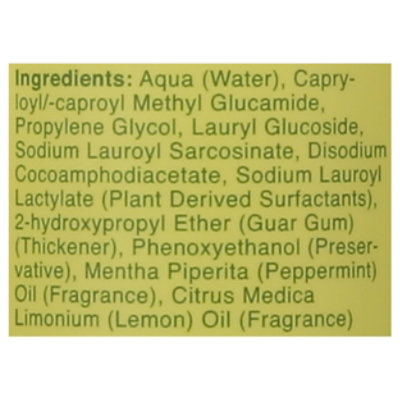 Rebel Green Dish Peppermint Lemon Soap - 16 Oz - Image 4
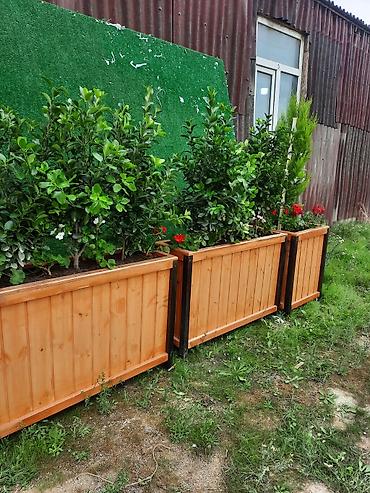 Açıq məkana uyğun taxta çiçək qutuları - Material: təbii şüşə kimi - şəkil 3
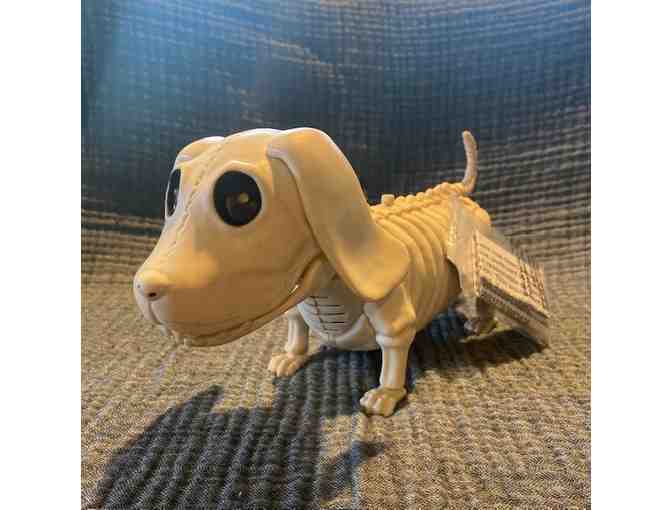 Just in time for Halloweenie! Animated Dachshund Skeleton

○ ○ ○

Requirement:
Print all the lines above exactly as they are, but without the pictures.

Completed task:
 Rebel Green Dish Peppermint Lemon Soap - 16 Oz - Image 4
 Açıq məkana uyğun taxta çiçək qutuları - Material: təbii şüşə kimi - şəkil 3
 Just in time for Halloweenie! Animated Dachshund Skeleton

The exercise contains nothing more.